Chris Mangano, “Laws of the Universe” (2019)

As is usually the case with sci-fi film shorts uploaded to Youtube by DUST, this film makes up for in depth and quality what it lacks in the way of a budget. Houston (Sidney Brown Jr) has spent 16 years in jail, much of it in solitary confinement, after being wrongly convicted of killing someone. While in prison he actually did murder someone out of self-defence which explains why he is in solitary confinement. He is waiting to be released from jail after using the time to educate himself in law and learning yoga and meditation. Unfortunately the prison wardens seem to have disappeared so he contacts his mother on his cellphone and she tells him to turn on his TV set. He does so and sure enough, a strange UFO is hovering above Los Angeles, attracting so much attention that even the wardens and administrators at the high-security prison have deserted their posts to view the wonder.

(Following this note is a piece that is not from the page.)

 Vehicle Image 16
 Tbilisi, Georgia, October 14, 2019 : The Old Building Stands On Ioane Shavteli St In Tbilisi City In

Over the next several days, while Houston and his fellow prisoners languish for want of attention and food and drink, Mom informs her son by phone that people are looting the abandoned UFO for alien technology. In the meantime, the water supply and then electricity are cut off to the prison and Houston endures several days of near starvation and thirst. He becomes concerned for his family’s welfare and worries about his mother. On Day 12 of his continued incarceration when he should have been freed eleven days earlier, Houston receives an unusual visitor in his cell: a man (Jason Karasev) using some of that unusual alien tech materialises in his cell looking for a friend to free …

The plot is entirely driven by dialogue and Brown’s acting, much of it silent. Beneath the youthful tough-talking exterior, Houston is revealed as someone of considerable intelligence and adaptability. While he and his previous lawyers were unable to overturn his initial wrongful conviction, Houston has used his time in jail to turn over a new leaf and improve himself. At the same time his prison experiences have toughened him in a different way from life in the streets, perhaps as a member of a teenage gang, and he does not hesitate to sweep aside conventional notions of morality if it means saving his life or saving the lives of others. Hence, when the stranger keeps reappearing in his cell, clearly unsure of himself (this suggests that he knows that he is doing wrong in trying to free his convicted pal), Houston takes advantage of the stranger’s uncertainty to free himself. He lands in a world at once familiar to him – he sees his family’s home – and yet unfamiliar: the streets are free of crime, traffic and pollution. Clearly the alien technology that has been pilfered from the abandoned UFO above the city has some capacity to see into people’s minds and probe their intentions, and has fulfilled those subconscious desires and instincts in ways unforeseen by the new human owners of the technology.

While the laws of physics might have been broken in this film, the law of morality turns out to be straightforward in spite of its apparent extreme elasticity and malleability. As religious people say, God works His justice in mysterious ways.